Merv Hughes, the abrasive Australia fast bowler, was shouting abuse at Graeme Hick, the mildest-mannered of England batsmen, during a Test match. Enter the umpire Dickie Bird: “Mervyn, Mervyn, goodness me, why are you swearing at the man? What harm has Mr Hick ever done you? Mervyn, your language is terrible.”
Hughes looked at Bird, all aggression gone, and said: “Dickie, you’re a legend.” And so he was, the first of his profession to attain celebrity status, one of the game’s richest characters and for nearly 30 years as near to infallible as it is possible for an umpire to be.
Bird’s judgment of a snick or an lbw, made in a split-second, was rarely challenged. It was difficult to remember him giving a bad decision. Most of his career was spent before the relentless second-guessing of television technology (a development he deplored, lamenting, “Umpires will turn into robots”) but it is hard to think that the camera would have caught him out very often.
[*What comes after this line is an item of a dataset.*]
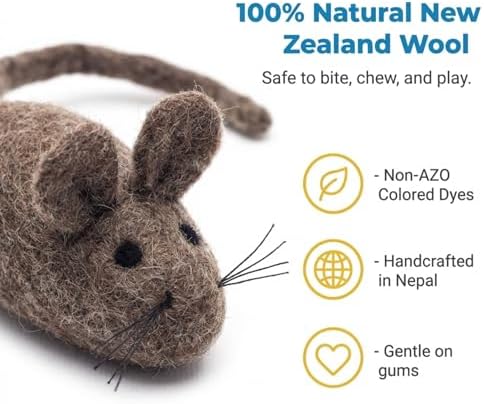 Glaciart One Felt Mouse Cat Toy – Soft Fuzzy Enrichment 100% Natural Wool - Interactive Catnip Play Cat Toy Set - Safe for Pets, Non-AZO Colored Dyes - 100” Long - Image 4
If he did make a mistake, he could put it out of his mind immediately and concentrate on the next ball.
Yet Bird was an unlikely candidate for a job that normally required calm under pressure. He was anything but calm. An umpiring stint by Bird was a frenzy of flailing arms and wagging fingers. He fussed continuously, about the bowler’s footmarks, patches of damp on the outfield, the noise of planes overhead — he once stopped a county match for this, saying he would not be able to hear the snicks — and, most notoriously, the light. For Bird, even the merest hint of gloom became an obsession, though he did once suggest that the answer to bad light was “to play in all light, barring something close to Armageddon”.